Enzo was quick to nod, which made Monique feel like a sh*t and about a hundred years old but if it got her out of here, she would deal. “Oh, yes,” Enzo said and he sounded so heartfelt and earnest that Monique was torn between wincing and rolling her eyes.

When did she get so cynical anyway?

Maybe when you let that bi*ch Felicity drive you away from the love of your life, a voice suggests snidely from the back of her mind. Or maybe it was when you left Oliver, after promising him forever, Momo my girl, a second voice chimed in.

The nurse was shaking her head. “Can’t just let you go,” she said. “Doctor’s got to sign you out.”

“That’s fine,” Monique said agreeably and the nurse huffed and rolled her eyes.

When she had gone, Enzo immediately advanced on Monique, hands coming out to touch. Monique maneuvered uncomfortably away from him, with considerably more difficulty than with the nurse. “Jesus, Monique, what the hell happened? Are you okay? Are you sure you shouldn’t…?” He gestured at her head.

“What, they didn’t tell you when they called?” Monique opened the clear plastic bag of her assorted belongings and pulled out her tee-shirt. There was only a little blood blotching the back of the collar, nothing worrying. Monique gritted her teeth and tried to remember this was her own fault. She had known her alcohol capacity when she proceeded to drown her sorrows in the fruity version of vodka she’d ordered up. Apparently having a lemon flavor didn’t make the alcohol any less potent.

“Well, yes…no…not really,” Enzo stammered. When she shrugged off the hospital gown, Monique saw (felt) Enzo’s brown eyes skim over her chest and stomach. She was wearing a spandex vest but still fought the urge to turn her back or use the shirt as a shield.

“They left a message on my phone–you’re okay, you’ve had an accident, could I please call the convention medical center.” His eyes are stricken and huge. “I was worried, so I just came instead.”

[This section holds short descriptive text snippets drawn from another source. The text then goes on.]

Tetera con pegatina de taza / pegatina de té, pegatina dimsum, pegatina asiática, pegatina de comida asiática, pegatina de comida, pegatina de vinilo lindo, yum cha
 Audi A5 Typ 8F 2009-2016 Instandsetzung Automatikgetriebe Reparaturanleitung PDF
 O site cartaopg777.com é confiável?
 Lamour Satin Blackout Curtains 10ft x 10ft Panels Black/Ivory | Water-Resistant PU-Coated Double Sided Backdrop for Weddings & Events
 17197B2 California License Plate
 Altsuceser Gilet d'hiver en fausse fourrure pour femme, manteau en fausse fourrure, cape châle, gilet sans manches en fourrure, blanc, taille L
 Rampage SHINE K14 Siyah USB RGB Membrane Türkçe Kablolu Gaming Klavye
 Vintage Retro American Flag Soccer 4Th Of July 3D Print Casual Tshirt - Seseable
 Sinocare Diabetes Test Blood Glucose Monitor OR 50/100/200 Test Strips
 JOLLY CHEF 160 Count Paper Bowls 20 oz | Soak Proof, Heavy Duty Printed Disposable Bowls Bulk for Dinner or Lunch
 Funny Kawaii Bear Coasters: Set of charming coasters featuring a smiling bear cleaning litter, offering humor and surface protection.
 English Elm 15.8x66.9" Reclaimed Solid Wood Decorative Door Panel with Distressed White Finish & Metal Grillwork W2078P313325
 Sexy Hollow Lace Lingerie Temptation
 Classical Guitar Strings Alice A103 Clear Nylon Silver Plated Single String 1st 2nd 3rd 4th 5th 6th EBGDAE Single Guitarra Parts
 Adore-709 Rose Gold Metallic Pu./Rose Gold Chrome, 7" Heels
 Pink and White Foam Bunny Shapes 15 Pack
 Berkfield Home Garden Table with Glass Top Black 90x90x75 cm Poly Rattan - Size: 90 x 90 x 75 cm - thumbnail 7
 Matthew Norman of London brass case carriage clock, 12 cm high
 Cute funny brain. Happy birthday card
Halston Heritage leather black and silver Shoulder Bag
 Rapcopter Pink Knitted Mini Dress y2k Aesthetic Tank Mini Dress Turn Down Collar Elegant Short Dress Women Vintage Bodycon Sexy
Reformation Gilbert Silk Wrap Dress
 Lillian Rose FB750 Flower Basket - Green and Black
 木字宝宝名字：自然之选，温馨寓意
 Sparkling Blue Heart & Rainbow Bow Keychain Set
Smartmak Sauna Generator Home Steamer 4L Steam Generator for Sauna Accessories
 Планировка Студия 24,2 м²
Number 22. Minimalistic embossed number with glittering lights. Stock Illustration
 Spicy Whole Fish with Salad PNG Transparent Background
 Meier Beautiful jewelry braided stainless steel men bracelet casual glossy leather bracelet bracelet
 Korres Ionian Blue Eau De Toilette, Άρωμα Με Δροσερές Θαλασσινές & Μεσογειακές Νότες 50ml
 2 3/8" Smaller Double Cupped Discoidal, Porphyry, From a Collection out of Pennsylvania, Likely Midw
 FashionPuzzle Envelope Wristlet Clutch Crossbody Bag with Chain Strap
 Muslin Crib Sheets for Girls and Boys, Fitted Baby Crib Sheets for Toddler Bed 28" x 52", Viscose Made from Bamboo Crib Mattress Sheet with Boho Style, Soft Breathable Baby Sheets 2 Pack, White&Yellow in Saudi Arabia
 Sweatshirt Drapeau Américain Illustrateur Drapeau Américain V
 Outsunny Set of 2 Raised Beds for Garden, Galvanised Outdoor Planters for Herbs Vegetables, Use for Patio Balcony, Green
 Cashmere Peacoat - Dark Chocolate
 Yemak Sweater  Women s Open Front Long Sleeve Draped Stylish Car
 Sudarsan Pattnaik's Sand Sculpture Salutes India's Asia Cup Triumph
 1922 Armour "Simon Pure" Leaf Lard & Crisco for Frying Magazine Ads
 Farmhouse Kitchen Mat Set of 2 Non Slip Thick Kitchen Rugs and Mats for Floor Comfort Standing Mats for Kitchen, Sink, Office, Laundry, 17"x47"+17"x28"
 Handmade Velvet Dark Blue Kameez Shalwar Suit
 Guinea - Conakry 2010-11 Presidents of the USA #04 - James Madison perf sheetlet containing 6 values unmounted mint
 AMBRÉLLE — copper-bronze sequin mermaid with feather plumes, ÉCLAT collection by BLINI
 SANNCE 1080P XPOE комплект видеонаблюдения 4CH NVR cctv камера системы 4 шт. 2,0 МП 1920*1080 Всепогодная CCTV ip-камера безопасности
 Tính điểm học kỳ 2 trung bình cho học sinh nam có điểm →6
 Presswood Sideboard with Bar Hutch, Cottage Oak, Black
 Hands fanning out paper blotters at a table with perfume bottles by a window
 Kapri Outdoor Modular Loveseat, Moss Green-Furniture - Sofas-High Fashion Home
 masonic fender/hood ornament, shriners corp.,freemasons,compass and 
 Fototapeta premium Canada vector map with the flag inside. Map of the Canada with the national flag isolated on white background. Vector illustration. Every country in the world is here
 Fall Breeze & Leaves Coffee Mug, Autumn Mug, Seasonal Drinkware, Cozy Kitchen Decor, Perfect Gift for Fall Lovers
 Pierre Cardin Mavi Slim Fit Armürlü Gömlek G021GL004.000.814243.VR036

“Huh.” Monique grunted. The bruises on her shoulders from banging into the floor throbbed as she raised her arms over her head. The next few days were going to be interesting. “From the way they made it sound, I thought they’d talked to someb…”

“Monique? Monique?

“Sir. Sir, I told you…”

Monique didn’t think it was possible for something not-supernatural to raise all the hair on her body and cover her in goose bumps but the raw sort-of panicky note of Oliver’s voice cutting drill sergeant loud over the clinic noises managed to do it. Monique pushed past Enzo like the man wasn’t there and went to the curtained flap. “Oliver?”